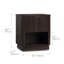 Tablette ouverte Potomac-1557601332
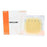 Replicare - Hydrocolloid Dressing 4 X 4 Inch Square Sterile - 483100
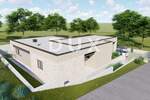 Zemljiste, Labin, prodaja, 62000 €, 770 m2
--
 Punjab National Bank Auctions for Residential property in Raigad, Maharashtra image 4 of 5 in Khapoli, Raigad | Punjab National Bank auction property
--
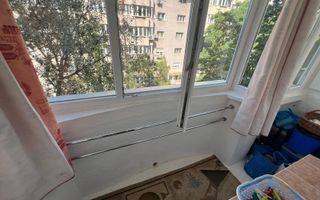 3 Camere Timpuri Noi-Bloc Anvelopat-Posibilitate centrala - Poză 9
--
What this task involves:
Of the lines above, copy only those from the one holding "Tablette ouverte Potomac-1557601332" to the one holding "Zemljiste, Labin, prodaja, 62000 €, 770 m2", both included, and exclude every image.

Your solution:
 Tablette ouverte Potomac-1557601332
 Replicare - Hydrocolloid Dressing 4 X 4 Inch Square Sterile - 483100
 Zemljiste, Labin, prodaja, 62000 €, 770 m2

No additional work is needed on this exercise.